Monday, September 15, 2014

How Do You Deal With Blind Spots?

Be humble to learn; be hungry for the insight, be skillful to frame the right questions, and behold to the metrics.
Senior business leaders have a significant responsibility to steer their organization in the right direction, however, what’re their management blind spots result in decreasing business productivity and lowering organizational maturity and how to deal with these blind spots more effectively?
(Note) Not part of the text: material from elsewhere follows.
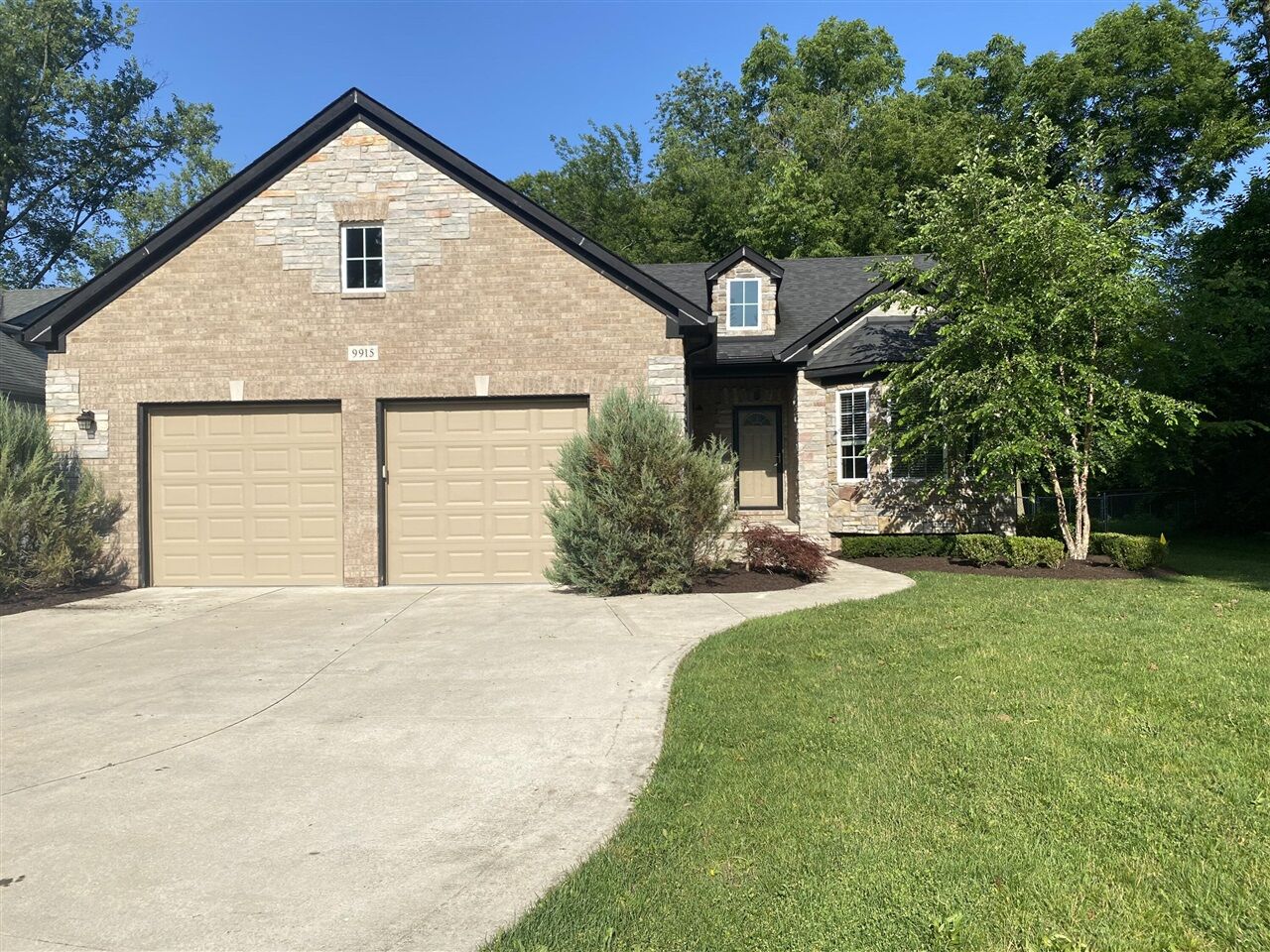 Property Photo: 9915 Wayne Road MI 48150-2623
Be cognizant of the unknown. As a senior leader, you have to be humble to realize there are many things you know you don’t know and perhaps even more which you don't know what you don't know. Until that happens, you will continue on the lives of blindness. All these together add up to quite a bit, and should really make you desire insight and squash arrogance.

Patient engagement to assist is best. As a senior manager, how often during a project update meeting, are you anticipating a good progress report only to hear the delay, problem, or issue? What is your first reaction? Are you ready to lay on the horn? If the project is failing, it could be because the company project management support system failed in some way, failed to capture the right data, failed to stay in touch with the team, failed to see warning signs. ...the senior manager "owns" the PM process, how it is done around here, so a project failure is as much the senior manager's fault as the team....thus, that senior manager should adopt the posture of "we are in this together", yet all too often it is the blame game...., patient engagement to assist is best.

Think, ask questions, and behold to metrics. Most teams operate with an incomplete and relatively small view of the world. Thus, too often in an effort to keep moving forward, they jump to the wrong conclusions, blast the horn or swerve around the obstacle only to find a poor pedestrian in the way. Since critical projects will be loaded with many unforeseen obstacles, as a senior leader, your response may be more significant than you may realize. Do you add fuel to the fire with an over-reaction or do you provide calm inquiry clearing the blind spots to help find out what is really happening? As the person that can see the bigger picture and is not living the day-to-day activities, the team needs you! 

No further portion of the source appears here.